The Gypsies of Jerusalem: The Forgotten People

What do you do when you live in Jerusalem, are rejected by both the Palestinians and the Israelis, are dirt poor, and come from an ethnically mixed heritage?

Below is an excerpt from an article written by Amoun Sleem and published in the July 28th issue of This Week in Palestine:

The Gypsies of Jerusalem remain a community infused by musical rhythms and song in keeping with Gypsy tradition, but have abandoned their nomadic habits in favour of a more sedentary lifestyle. They have made their home in Jerusalem for over 400 years. Originally settling in an area outside the Old City called Wadi Al-Joz, the Dom later moved to a small neighbourhood called Burj Al-Laqlaq within the walls of the Old City. An ethnic minority, the Dom community has suffered in silence throughout the decades of the Arab-Israeli conflict. Their numbers dwindled significantly during the battles surrounding the foundation of the State of Israel. The greatest exodus occurred during the war of 1967, which caused nearly half of the Dom population to seek refuge in Syria, Lebanon, and even India.

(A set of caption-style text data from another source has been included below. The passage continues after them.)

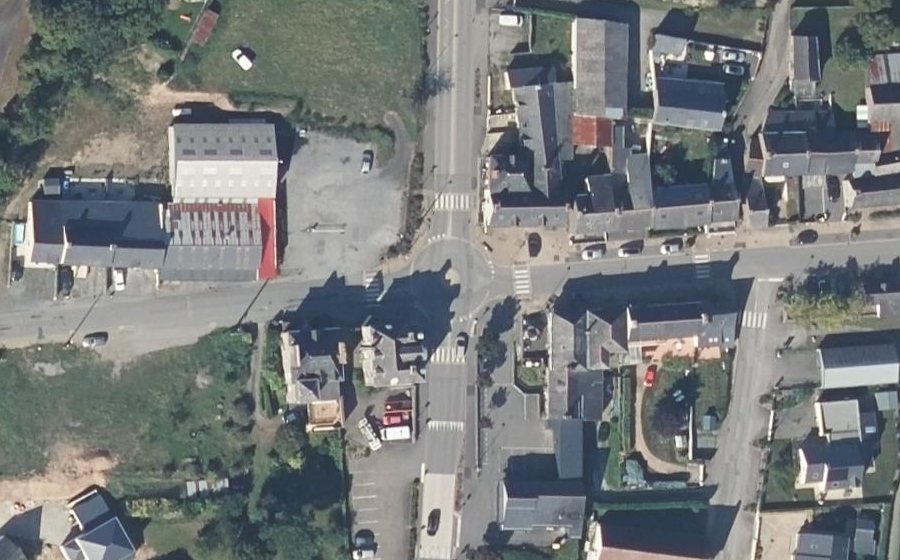 Vue aérienne du Mini-giratoire n°559227045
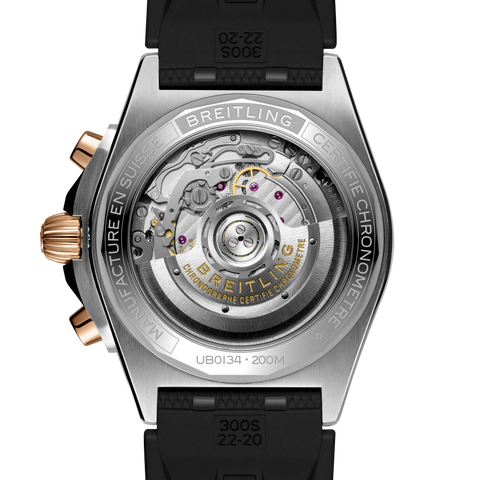 Breitling UB0134101B1S1 Watch - B01 42 Watch Japan Official (Image 4)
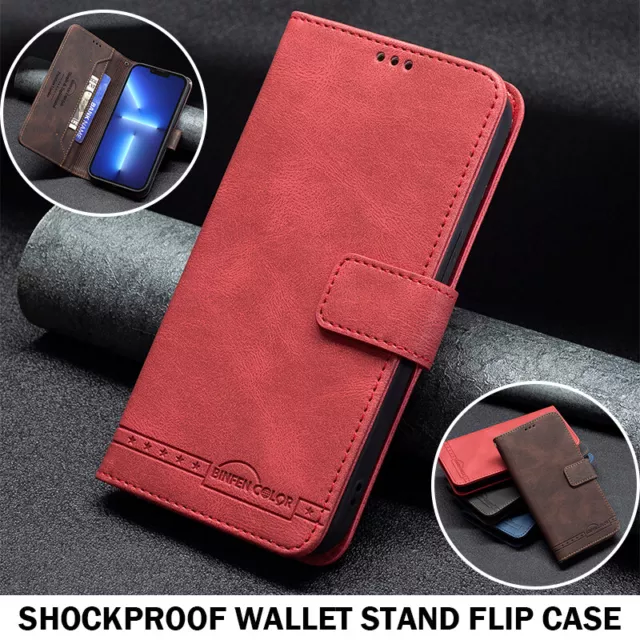 For VIVO Y20 Y21 Y21S Y33S Y11 Y15 Y51 Case Soft Leather Wallet Card Flip Cover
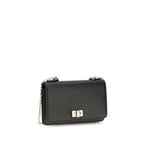 Fendi Peekaboo Wallet On Chain Black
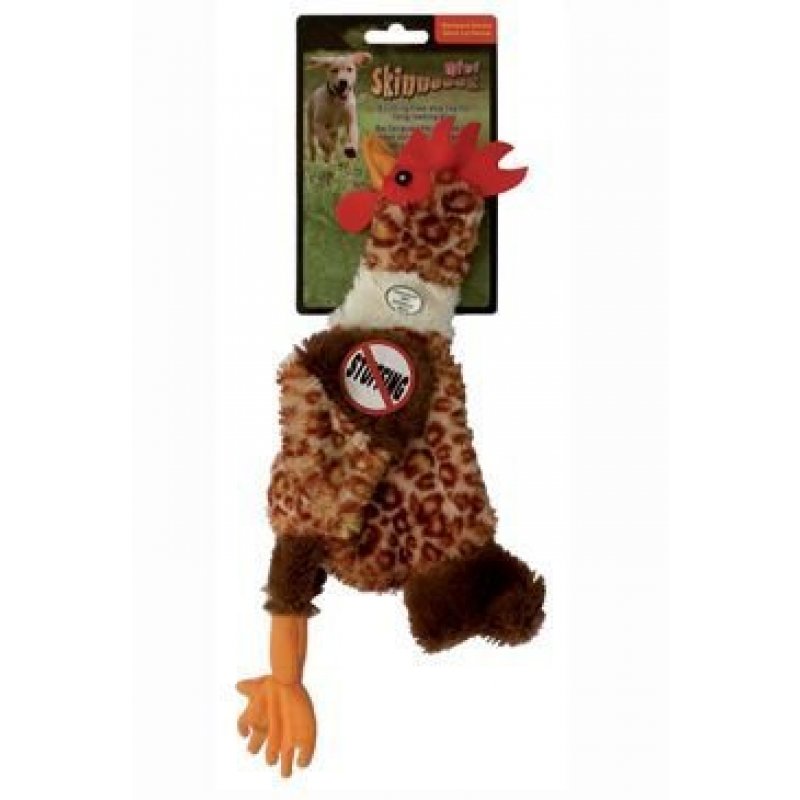 Pies zabawkowy Whistling Rooster 32cm Skinneeez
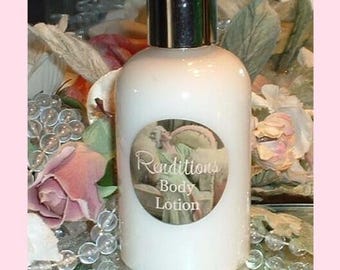 Scented Body Lotion ~ Select Scent from Drop Down ~ 4 fl oz by Renditions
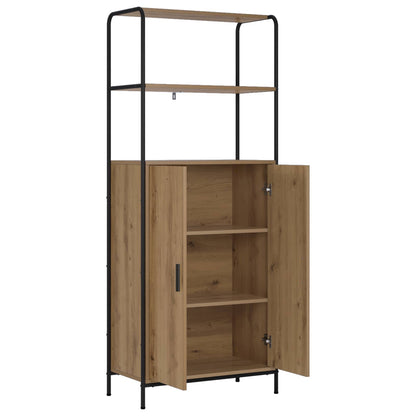 Highboard Artisan Oak 65 x 33 x 161 cm Engineered Wood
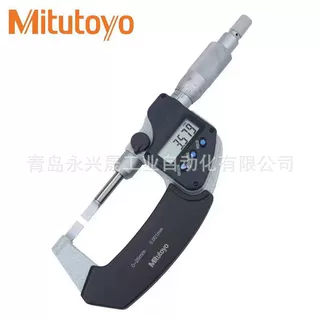 Mitutoyo日本三丰薄片千分尺 数显型 LCD  422-411-20/422-412-20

Despite a deep-seated identification with Middle Eastern culture, the remaining two hundred families endure severe discrimination at the hands of Israelis and their Palestinian neighbours. Once lauded in Persian poetry as unparalleled entertainers, a series of cultural, political, and economic shifts have led the Dom to be regarded as despicable beggars. The shame of being a Gypsy is instilled at an early age when children enter school. Although the Dom consider themselves Palestinian, their non-Arab ethnicity elicits such intense abuse that nearly 60% of the Dom community has failed to complete elementary school. Unskilled and uneducated, the Dom are locked into a cycle of dire poverty and derision. The younger generation now prefers to assimilate fully into the surrounding Arab culture, spurning traditional dress, the Domari language, customs or anything else that might distinguish them as Gypsies.

I’ve also attached the latest edition of the Gypsy Wheel, the Domari Society newsletter:

Download domari_newsletter_summer_07.pdf

The good news is that the Domari Society, whose website is sadly out of date but at least active, has recently received some funding that brings them in off of the ledge of closing down their community center.  But the Domari remain very much in need of assistance– unfortunately, they are largely forgotten in the heat of the ethnic strife and intolerance that blights the wonder of Jerusalem and rivets the attention of the entire world.